→ **Problem requirements**: Everything from the line that has "vivo X300 Ultra" to the last line of the listing must be repeated exactly, and nothing more; omit the pictures.
++++ Input data
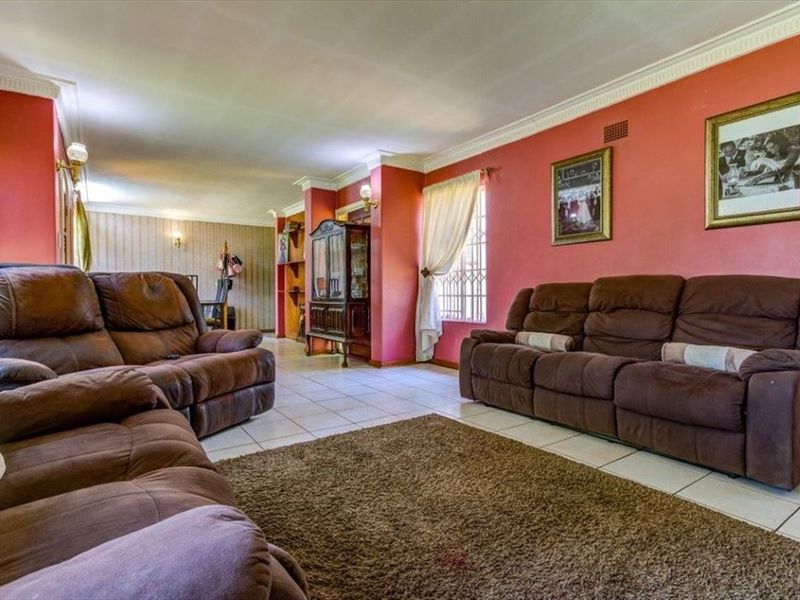 Spacious Family Home with Versatile Living and Bonus Granny Flat - Photo 2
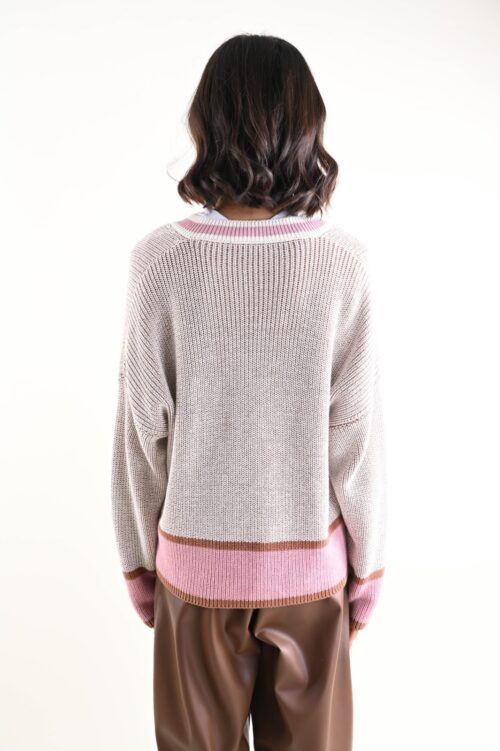 Alternative view of MAGLIONCINO SCOLLO A V A COSTINE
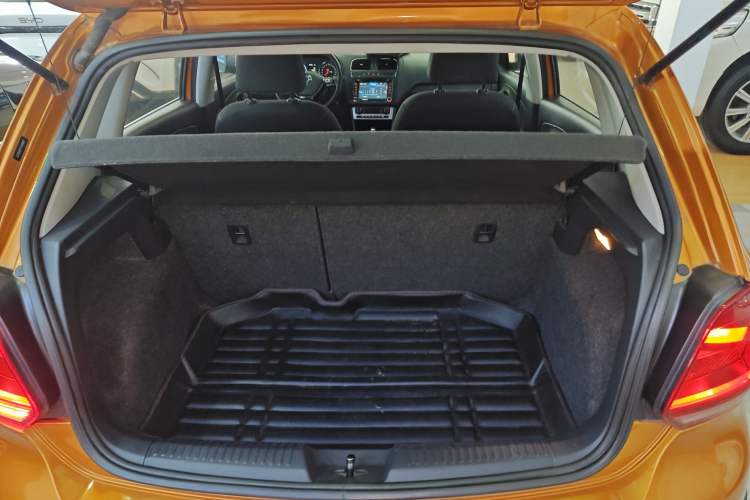 Used Volkswagen Polo 2014 1.6L Cross Polo Automatic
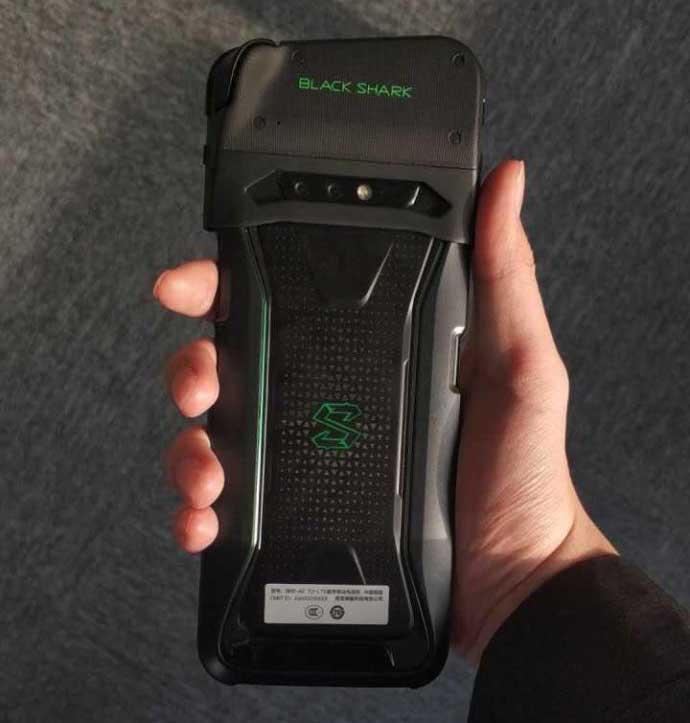 Xiaomi Black Shark gaming phone live photo on Revu Philippines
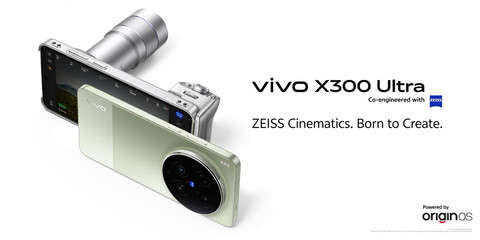 vivo X300 Ultra dengan tambahan aksesori 400mm Telephoto Extender Gen 2 Ultra dan Imaging Grip Kit. Foto: Thomas Bosco/kumparan
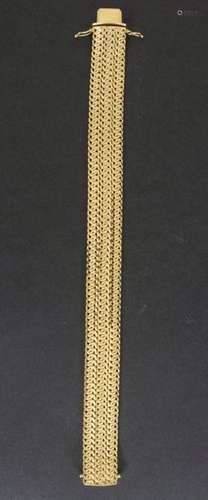 Goldarmband / A gold bracelet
++++++++
→ **The completed task**:
 vivo X300 Ultra dengan tambahan aksesori 400mm Telephoto Extender Gen 2 Ultra dan Imaging Grip Kit. Foto: Thomas Bosco/kumparan
 Goldarmband / A gold bracelet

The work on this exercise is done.